Brooklyn at the library.We seriously can’t get over how our clothes never stink here. I’m embarrassed to admit I wore the same pants and shirt on three separate occasions, in which we always walked around town after dinner, and they still don’t smell. I wondered if I just couldn’t smell my own B.O. so I had Michael give me a sniff. He even did an armpit sniff and my clothes still smell like they came out of the dryer. I’m not sure if the laundry detergent smell stays in the clothes longer or what, but this is weird. Like Bermuda Triangle weird. I also went jogging last night in the same outfit and got nice and sweaty. When I got home and cooled off I made Michael do the smell test again and I still smell like freshly laundered clothes! We must be in some weird alternate universe here. Just so you know, I do plan on washing this outfit this time. Even though they smell fine, I did sweat in them. Don’t judge, you know you’ve done it too.

Nice to meet you, how about a kiss? I am very intrigued by the French air kisses called “bisous.” Michael told me a story about it at work. It is French custom to shake everyone’s hand that you work with each day. Everyone. That’s like 50 handshakes every day! There is one woman that works with Michael and in French culture it is usually the woman who usually decides if she wants to give bisous or not. This woman came into the room of about 6 and only gave bisous to one of the guys. The others got nothing. Not even a handshake. Zilch. Nada. Can you imagine if something like this were to happen in the U.S.? In my head it sounds something like this:

A group of women are standing together and talking. Candy enters the room.

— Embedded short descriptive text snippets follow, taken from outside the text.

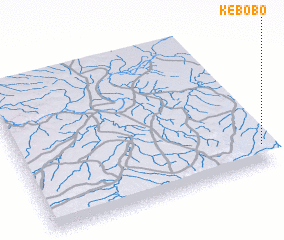 3d view of Kebobo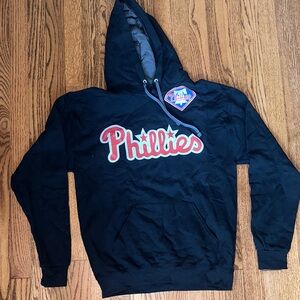 Black Philadelphia Phillies Hoodie - Unisex size M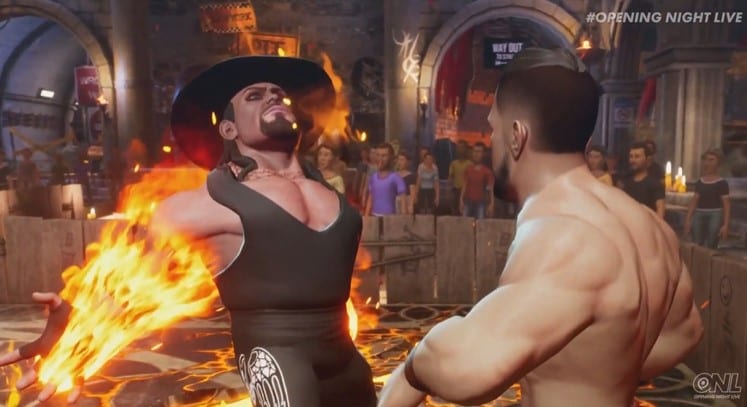 wwe 2k battlegrounds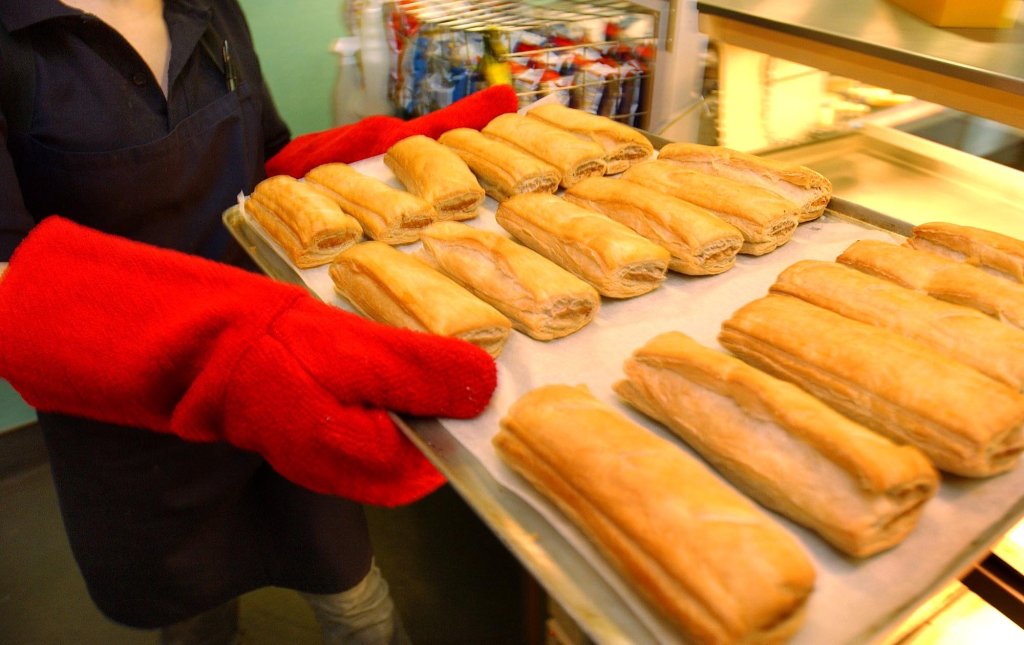 Greggs sells an estimated 130 million sausage rolls each year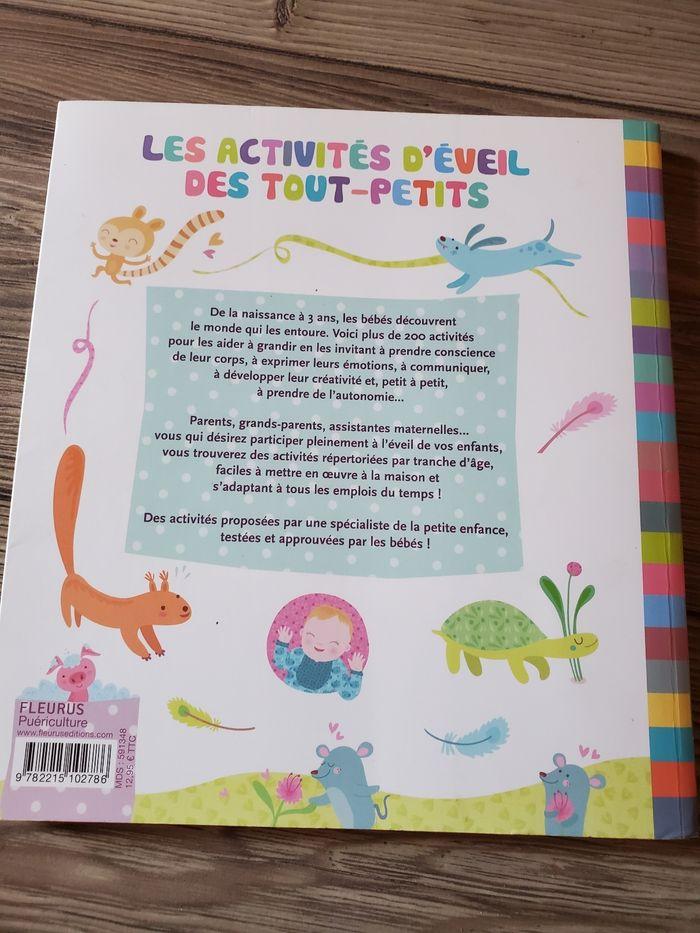 Livre "les activités d éveil" - photo numéro 2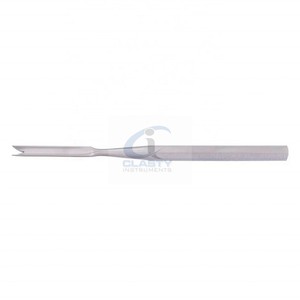 เครื่องมือผ่าตัดจมูก Hajek Septum Chisel สำหรับการผ่าตัดกระดูกจมูก ความแม่นยำสูง สำหรับการผ่าตัดเสริมจมูกและปรับรูปจมูก  OEM - Product Image 6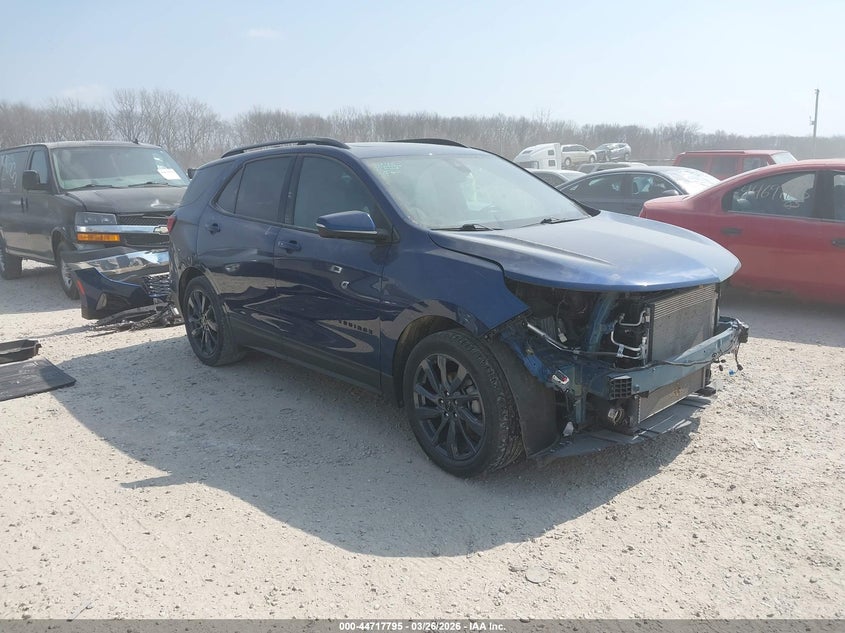 2022 Chevrolet Equinox Fwd Rs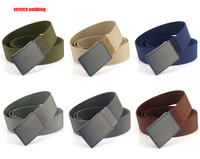 Ceinture tactique en Nylon pour homme, accessoire d'extérieur de haute qualité, unisexe, Offre Spéciale, boucle métallique tressée, ceinture décontractée en Nylon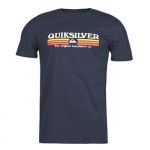 Quiksilver T-Shirt Lined Up Marinho S - EQYZT06657-BYJ0-S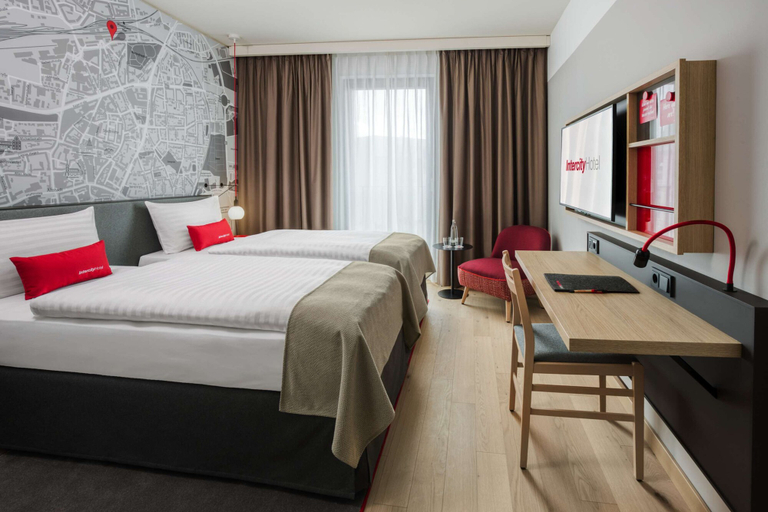 Bedroom 4, IntercityHotel Hildesheim, Hildesheim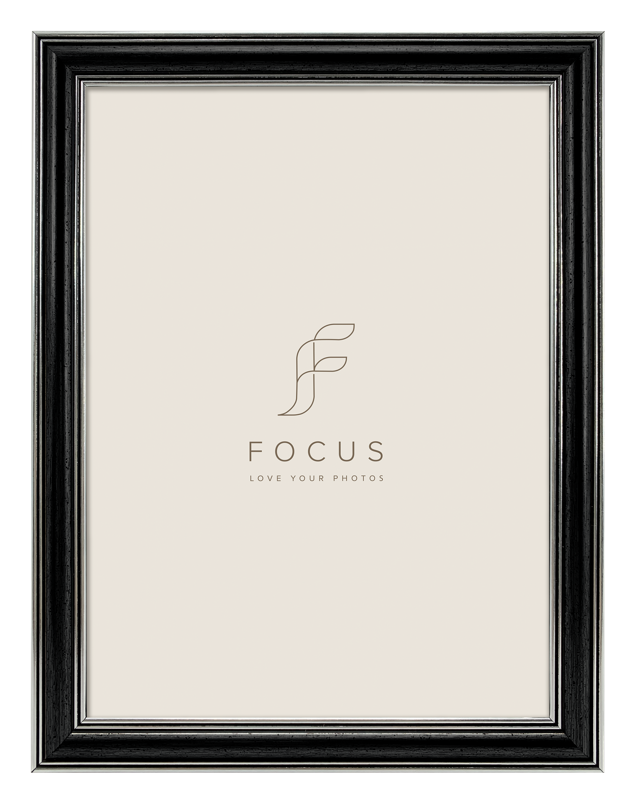 Rame si albume foto - Rama Focus Holly Black 20x30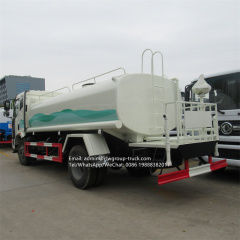 FAW 4x2 6 wheeler Sprinkling Water Truck Cannon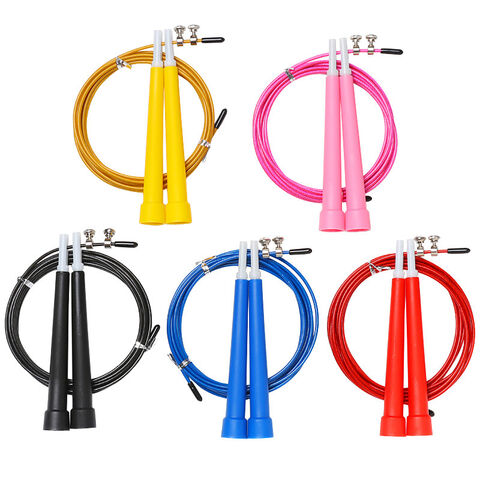 Großhandel Sport Springseile 3 Meter Verstellbares Springseil Crossfit Fitnessgeräte Trainingsausrüstung for sale at factory direct price
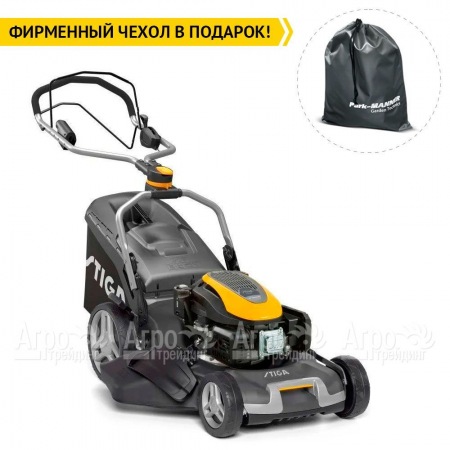 Газонокосилка бензиновая Stiga Combi 955 VE в Тюмени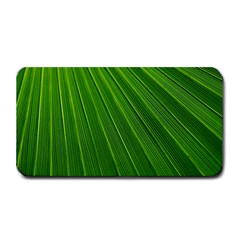 Green Lines Macro Pattern Medium Bar Mats by Amaryn4rt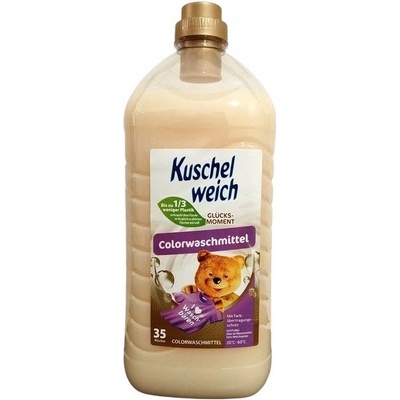 Kuschelweich prací gél lucksmoment zlatý 1,925 l 35 PD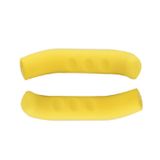  1 cặp Xe đạp Xe tay ga Vỏ bảo vệ Phanh Hộp đỡ chân Nắp đậy silicone (Trắng) 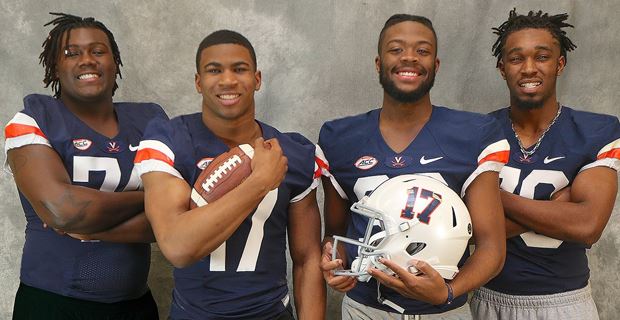 Joey Blount: Like Father, Like Son At Defensive Back For UVA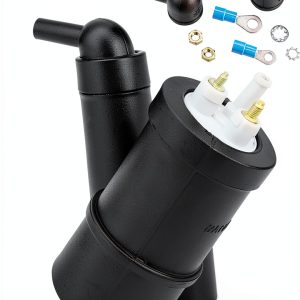 Pierburg Fuel Pump Alloy Steel Front Mount-0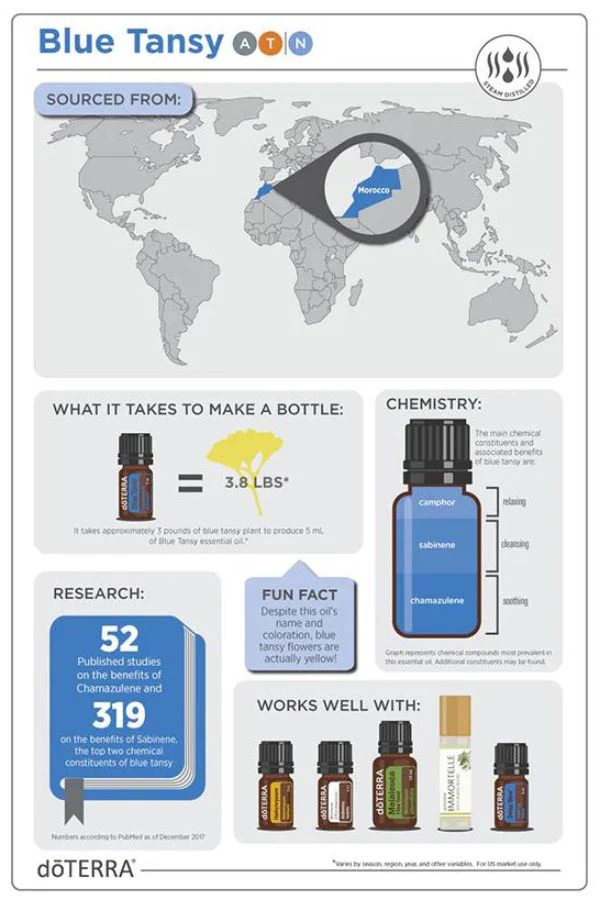 doTERRA Blue Tansy Essential Oil - Image 3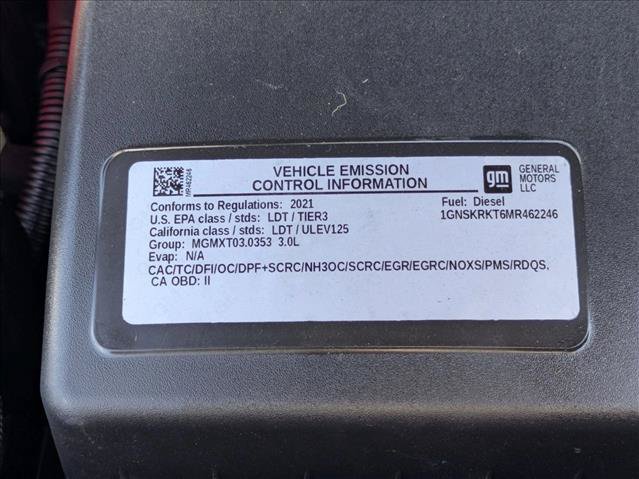 Used 2021 Chevrolet Tahoe RST AWD/4WD image 24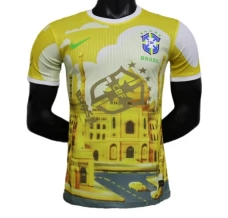 Brazil Nogometni Dresovi Domaći Palacio Do Sol 2025/26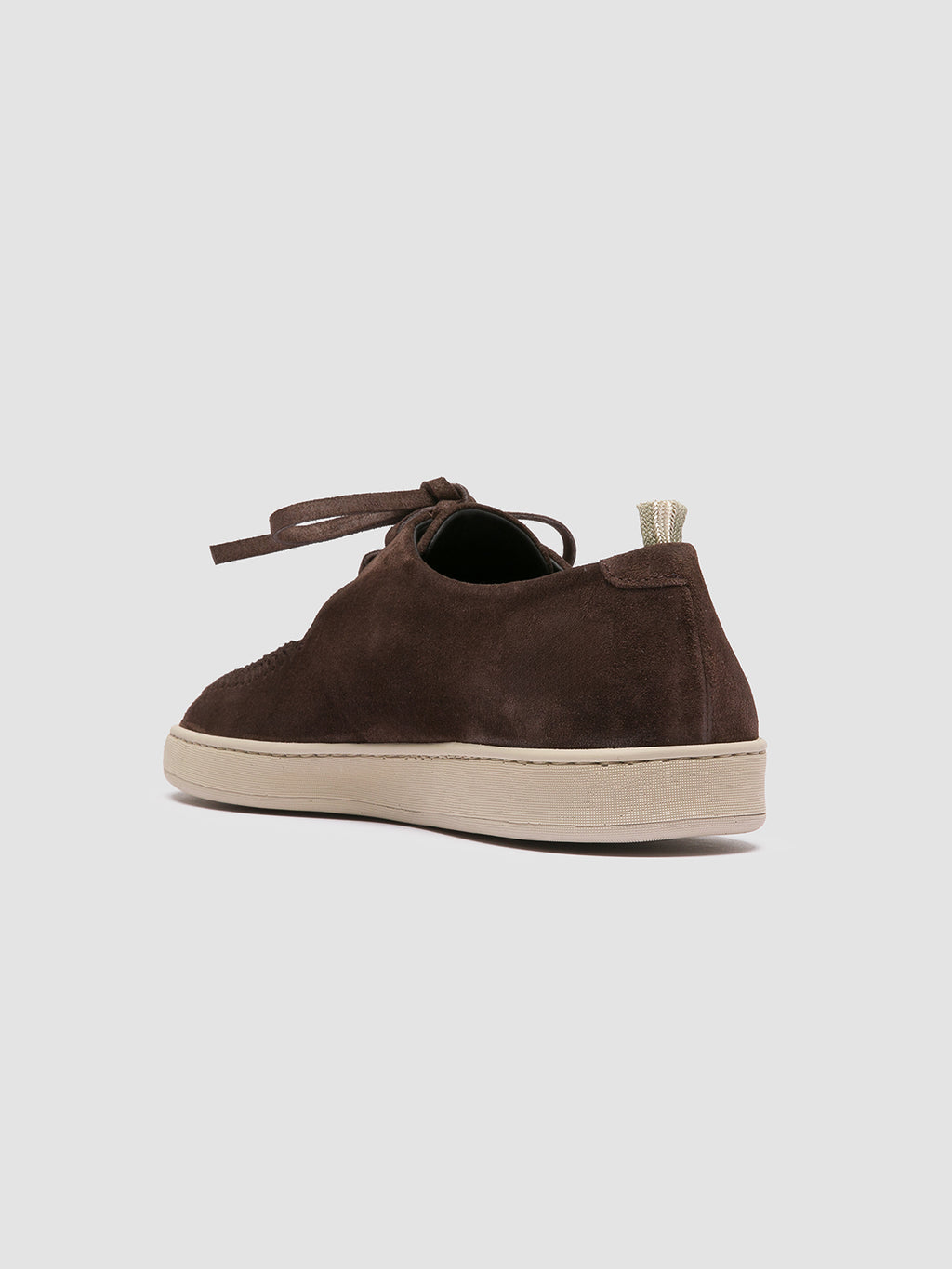 HERBIE 012 - Brown Suede Derby Shoes - image 4,side view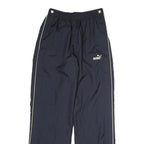 PUMA Mens Joggers Navy Blue Slim Straight S W29 L30 Track Pants Sportswear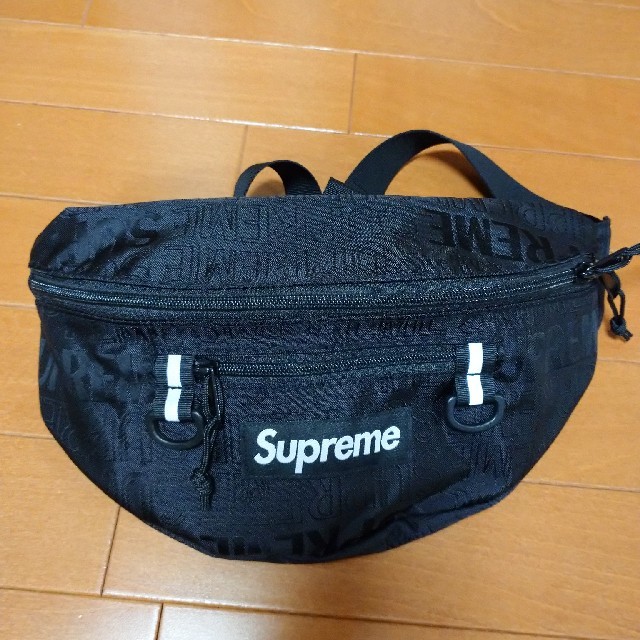バッグsupreme  waist bag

Candy: Hey Barbie! (Shakes hand)

Barbie: Hi Darling! So good to see you! (Shakes hand)

Buffie: OMG! No she didn’t. She’s as fake as her tan.

Honey: Really?! She’s gonna walk in here and only shake one person’s hand?

Muffy: God, I hate this troll. She totally ratchet.

Coco: What a cow. What until I tell everyone in the car line what she did.

So I ask Michael, “Was the guy she gave bisous to the best looking guy in the room?” Michael said, “No, because I was in there.” Ha ha. My husband the comedian.